While the data was based on American National Parks, it’s not a stretch to think the conclusions are applicable in Canada—or anywhere else with tantalizing backcountry, for that matter.
Some of the study’s conclusions border on “duh” levels of obvious; more recreational visitors meant higher calls to SAR, for example. However, it also found that both frontcountry and backcountry visits caused a similar spike in SAR calls. Backcountry visits, however, had a stronger correlation with fatalities.
But arguably the most interesting part of the study—which, for some reason, only looked at Twitter rather than photo- or video-based social media—concluded that tweets are correlated with SAR incidents, visits, and fatalities.
We might have guessed this to be true, and now the data confirms it.
“Regarding public safety, the strongest correlation in our study was between tweets and SAR incidents,” the report said. “There are likely several mediators that contribute to this association, such as an increased number of visitors posting to social media and increased visitation overall being related to SAR incidents, as identified in our study. However, we suggest that social media may be associated with SAR incidents via users motivating others to obtain photos or videos through risky or dangerous means. Existing studies have demonstrated the dangers associated with social media-influenced trends in the outdoors.”

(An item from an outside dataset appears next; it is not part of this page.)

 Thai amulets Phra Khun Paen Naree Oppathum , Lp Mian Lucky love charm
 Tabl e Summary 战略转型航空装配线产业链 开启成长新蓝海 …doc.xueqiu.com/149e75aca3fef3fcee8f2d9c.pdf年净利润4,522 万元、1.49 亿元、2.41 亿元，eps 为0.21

While the study doesn’t go into details about how, exactly, social media users are motivating each other to get the shot, that likely just means seeing the pic makes you want to get the pic.
It also references previous studies of a similar nature. One, for example, looked at photo-taking behaviours at sites where people were injured. The most common feature: cliffs.
“[T]he most preferred site of photography was on cliff edges, and the most frequently reported injury was falling from heights,” it read.
Now, before you nominate these people for the Darwin Awards, really think about it. If you were to visit Trolltunga, would you not get a photo of your own? (I already hear a lot of you saying you’d skip such a tourist trap, so insert your lesser-known cliff here.)
Sure you would—whether it was for social media or just remained on your camera roll. Would you dangle your legs off the end, creating the illusion heights don’t bother you one bit? Maybe not.
Perhaps the takeaway from the study is twofold: we need to be responsible about how we showcase our favourite backcountry spots in the Sea to Sky—and be mindful of where we’re standing when we get the shot.
There’s data to backup the fact that we’re not always great at that.